Why would the brakes be a problem on the ctd? It has four wheel disc and stops on a dime.


----------



## obermd (Mar 3, 2012)

money_man said:


> Why would the brakes be a problem on the ctd? It has four wheel disc and stops on a dime.


They shouldn't be from a standpoint of overheating. The ECOs have drum brakes on the rear however, which under normal circumstances will stop these trims on a dime as well. I know this from experience. The engine cooling systems are very similar on all three however. I was just pointing out that these are the two areas that towing puts the most stress on.


----------



## money_man (Feb 25, 2014)

Oh, I gotcha now


----------



## mattjt21 (Jul 12, 2013)

The main issue with Eco and CTD towing is the airflow to the engine is restricted more than the LS, LT and LTZ. The Eco and CTD have active shutter systems to improve mileage and reduce airflow. If your going to tow a lot during the summer there a couple of plastic pieces in the grill just above the bow tie. You can pop them out to make sure your not going to have over heating issues. 


Sent from AutoGuide.com Free App


----------



## money_man (Feb 25, 2014)

So when I hit hwy speeds will the shutters shut? And where exactly are they located?


----------



## spacedout (Dec 7, 2010)

money_man said:


> So when I hit hwy speeds will the shutters shut? And where exactly are they located?


The lower front grill opening, someone with an ECO or diesel could verify but I believe they close at 45mph(72kph).


----------



## money_man (Feb 25, 2014)

Do they do this in the background or is there something that let's you know when they shut? Will they set off a code if it breaks


----------



## au201 (May 18, 2013)

spacedout said:


> The lower front grill opening, someone with an ECO or diesel could verify but I believe they close at 45mph(72kph).


I was under the impression that it wasn't set in stone that once you're at that speed they shut...I thought if the coolant got hot enough they would open up again regardless of speed?


Sent from AutoGuide.com Free App


----------



## obermd (Mar 3, 2012)

The ECO shutters close around 45 MPH and won't reopen unless the engine needs additional cooling. In the winter mine are closed almost all the time because of this. The shutters are controlled by the ECU and if they don't respond to the ECU it throws a check engine light.


----------



## money_man (Feb 25, 2014)

Is there anyway to see them work?


----------



## obermd (Mar 3, 2012)

While driving - none that I know of.
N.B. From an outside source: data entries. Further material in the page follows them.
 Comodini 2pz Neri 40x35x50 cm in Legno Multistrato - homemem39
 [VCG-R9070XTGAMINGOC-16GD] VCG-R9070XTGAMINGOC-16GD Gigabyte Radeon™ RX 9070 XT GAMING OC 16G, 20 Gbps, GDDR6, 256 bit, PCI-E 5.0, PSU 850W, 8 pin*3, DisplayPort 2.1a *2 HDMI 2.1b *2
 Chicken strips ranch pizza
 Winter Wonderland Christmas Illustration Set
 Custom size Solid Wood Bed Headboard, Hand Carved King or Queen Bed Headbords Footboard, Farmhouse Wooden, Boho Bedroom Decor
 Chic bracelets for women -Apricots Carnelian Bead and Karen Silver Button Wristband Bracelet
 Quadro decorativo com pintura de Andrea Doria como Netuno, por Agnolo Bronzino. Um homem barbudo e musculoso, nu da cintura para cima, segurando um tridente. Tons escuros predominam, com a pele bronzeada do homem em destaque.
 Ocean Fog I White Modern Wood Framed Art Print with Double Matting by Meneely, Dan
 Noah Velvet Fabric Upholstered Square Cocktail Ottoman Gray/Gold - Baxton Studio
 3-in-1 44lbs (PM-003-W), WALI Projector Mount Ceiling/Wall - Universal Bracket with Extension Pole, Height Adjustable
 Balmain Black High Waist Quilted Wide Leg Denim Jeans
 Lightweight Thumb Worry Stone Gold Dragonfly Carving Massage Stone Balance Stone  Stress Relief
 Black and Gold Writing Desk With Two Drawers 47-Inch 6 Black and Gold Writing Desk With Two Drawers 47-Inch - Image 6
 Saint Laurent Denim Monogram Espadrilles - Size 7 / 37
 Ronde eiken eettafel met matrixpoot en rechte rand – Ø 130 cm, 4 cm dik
I'm sure there's some flag in the ECU that says if they're open or closed but I don't know if it's accessible via the ODBII interface. The reason I know my shutters stay closed most of the winter is because I have physically gotten down and looked.


----------



## money_man (Feb 25, 2014)

Hmm. Maybe I'll try it on my hoist.


----------



## Sunline Fan (Jul 29, 2012)

money_man said:


> Is there anyway to see them work?


GoPro!


Sent from AutoGuide.com Free App


----------



## mikeeitup (Aug 27, 2013)

There is a video on youtube already of a guy with the eco filimg the flaps opening at speeds. I am certain that the flaps open when the car starts to overheat. My understanding is it closes at speed and will open for short periods of time at speed to cool the engine further. This I sort of noticed on a 500 mile journey during the HOT summer.


----------



## mikeeitup (Aug 27, 2013)

Here is the link:
https://www.youtube.com/watch?v=1Q_xc7vUlA0


----------



## money_man (Feb 25, 2014)

That's pretty cool. Didn't realize the flaps were in by the rad, thought they were out by the grill


----------



## Aussie (Sep 16, 2012)

This is from the Holden Cruze handbook, remember all Holden Cruze are 4 wheel disc braked.

Driving and operating 141
Trailer towing
Overloading
Never exceed the loads given for the towing equipment fitted to the vehicle. For your safety and the vehicle's durability, all
mandatory equipment must be fitted. Otherwise you may void the New Vehicle Warranty, to the extent that Holden considers
the overloading or missing equipment to have affected the specifications or quality of the vehicle.
Maximum towing capacities (kg)
Engine Transmission Type Caravan! Trailer
Petrol (1.4L) Manual transmission With brake 1200
Without brake 695
Automatic transmission With brake 1200
Without brake 695
Petrol (1.8L) Manual transmission With brake 1200
Without brake 695
Automatic transmission With brake 1200
Without brake 695

Diesel is 1200 and 750 on the next page. Aussie.


----------



## GregoryD (Aug 11, 2013)

Dieselard said:


> I just purchased the curt hitch + vehicle specific wiring harness. Ill see how it goes!


So how did it go?


----------



## rry3158652 (Jan 23, 2018)

I am very interested, 2018 CTD HB


----------